EXERCISE DETAILS - Leave out the pictures, then output the lines of the records below from the first through the one containing "世界上最大的蟑螂,长度达10厘米的东方蜚蠊".

[Source data]
-- Opening Marker --

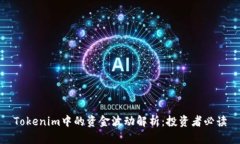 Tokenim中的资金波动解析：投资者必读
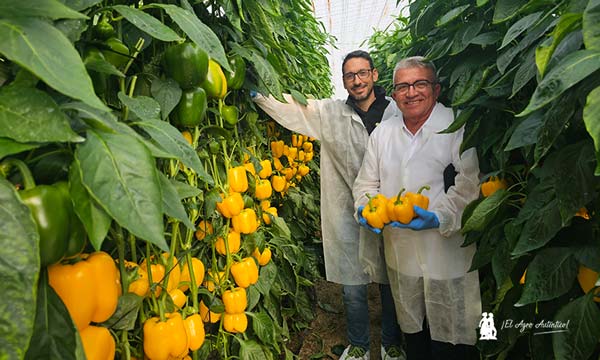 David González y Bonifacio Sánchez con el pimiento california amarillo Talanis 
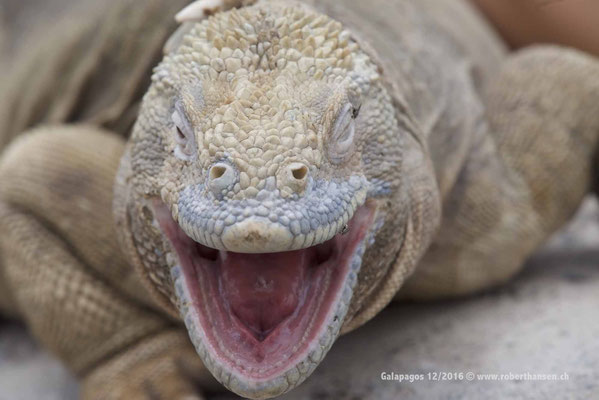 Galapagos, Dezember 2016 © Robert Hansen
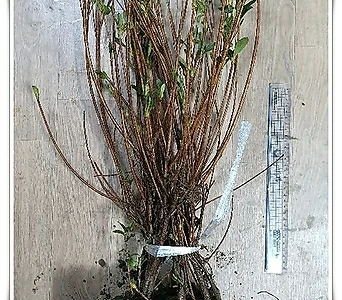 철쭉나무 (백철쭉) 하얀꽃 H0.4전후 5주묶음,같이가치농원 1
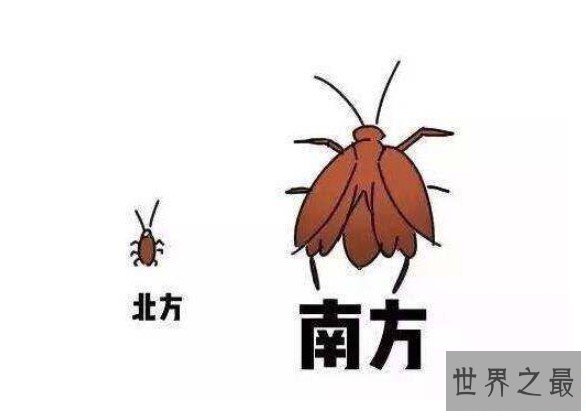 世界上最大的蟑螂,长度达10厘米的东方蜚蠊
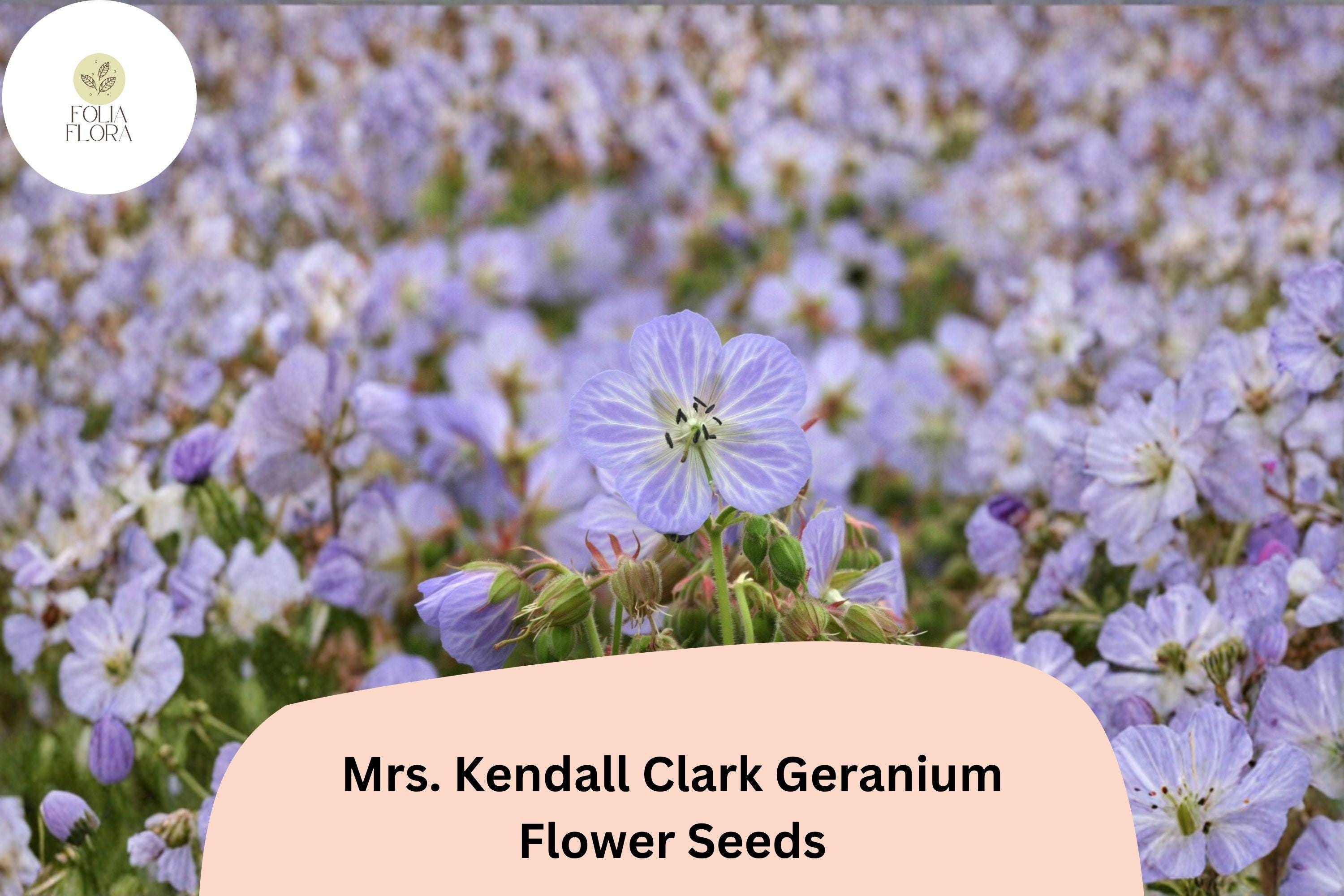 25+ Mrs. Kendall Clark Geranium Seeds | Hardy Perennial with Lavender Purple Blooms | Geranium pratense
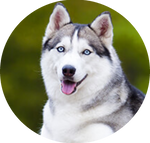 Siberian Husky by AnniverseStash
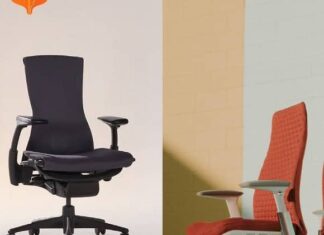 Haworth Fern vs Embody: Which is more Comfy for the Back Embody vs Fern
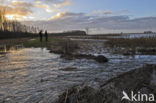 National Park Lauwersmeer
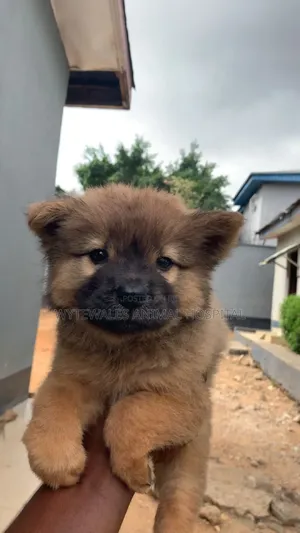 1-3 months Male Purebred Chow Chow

-- Closing Marker --

PROBLEM SOLUTION -
 Tokenim中的资金波动解析：投资者必读
 David González y Bonifacio Sánchez con el pimiento california amarillo Talanis 
 Galapagos, Dezember 2016 © Robert Hansen
 철쭉나무 (백철쭉) 하얀꽃 H0.4전후 5주묶음,같이가치농원 1
 世界上最大的蟑螂,长度达10厘米的东方蜚蠊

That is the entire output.